Division of Gynecologic Oncology, Department of Obstetrics and Gynecology, University of Southern California, Los Angeles, CA, USA.
Norris Comprehensive Cancer Center, University of Southern California, Los Angeles, CA, USA.
Ann Surg Oncol. 2021 Nov;28(12):7591-7603. doi: 10.1245/s10434-021-09900-4. Epub 2021 Apr 1.
The aim of this study was to examine the survival effect of adjuvant therapy in stage II-III endometrial cancer based on peritoneal cytology results.
The National Cancer Institute's Surveillance, Epidemiology, and End Results Program was retrospectively queried to examine 7467 women with stage II-III endometrial cancer who underwent hysterectomy, and with available peritoneal cytology results, from 2010 to 2016. A Cox proportional hazard regression model was fitted to assess the association between adjuvant therapy and all-cause mortality stratified by peritoneal cytology results.
Malignant peritoneal cytology was reported in 1662 (22.3%) women and was associated with non-endometrioid histology, higher tumor stage, and nodal metastasis (p < 0.05).
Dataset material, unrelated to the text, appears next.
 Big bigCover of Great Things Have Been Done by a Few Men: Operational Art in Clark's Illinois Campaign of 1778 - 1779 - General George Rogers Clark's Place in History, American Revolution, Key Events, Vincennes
In a propensity score-weighted model, malignant peritoneal cytology was associated with increased all-cause mortality compared with negative peritoneal cytology (hazard ratio 1.35, 95% confidence interval 1.23-1.48). Adjuvant therapy types varied based on histology and peritoneal cytology results. In non-endometrioid histology, the combination of chemotherapy and whole pelvic radiotherapy (WPRT) was associated with improved overall survival compared with chemotherapy or WPRT alone irrespective of the peritoneal cytology results (p < 0.05). The combination of chemotherapy and WPRT was also associated with improved overall survival in women with endometrioid histology and malignant peritoneal cytology (p = 0.026). Women with endometrioid histology and negative peritoneal cytology represented the most common subpopulation (46.5%), and overall survival was similar regardless of which of the three adjuvant therapy modalities was used (p = 0.319).
Malignant peritoneal cytology is prevalent and prognostic in stage II-III endometrial cancer. This study found that the surgeon's choice and benefit of adjuvant therapy for women with stage II-III endometrial cancer differed depending on the status of peritoneal cytology.
本研究旨在基于腹腔细胞学检查结果,探讨 II 期-III 期子宫内膜癌辅助治疗的生存效果。
回顾性检索美国国家癌症研究所的监测、流行病学和最终结果计划,纳入 2010 年至 2016 年间接受子宫切除术且有腹腔细胞学检查结果的 7467 名 II 期-III 期子宫内膜癌患者。采用 Cox 比例风险回归模型,按腹腔细胞学检查结果分层,评估辅助治疗与全因死亡率之间的关联。
1662 名(22.3%)患者的腹腔细胞学检查结果为恶性,与非子宫内膜样组织学、更高的肿瘤分期和淋巴结转移有关(p<0.05)。在倾向评分加权模型中,与阴性腹腔细胞学检查相比,恶性腹腔细胞学检查与全因死亡率增加相关(风险比 1.35,95%置信区间 1.23-1.48)。辅助治疗类型根据组织学和腹腔细胞学检查结果而有所不同。在非子宫内膜样组织学中,与单独化疗或盆腔放疗(WPRT)相比,化疗联合 WPRT 无论腹腔细胞学检查结果如何均与总生存改善相关(p<0.05)。化疗联合 WPRT 也与恶性腹腔细胞学检查的子宫内膜样组织学患者的总生存改善相关(p=0.026)。非子宫内膜样组织学且阴性腹腔细胞学检查的患者占最常见的亚组(46.5%),无论使用三种辅助治疗方式中的哪一种,总生存情况相似(p=0.319)。
恶性腹腔细胞学检查在 II 期-III 期子宫内膜癌中普遍存在且具有预后意义。本研究发现,对于 II 期-III 期子宫内膜癌患者,手术医生选择辅助治疗的方式和获益取决于腹腔细胞学检查的状态。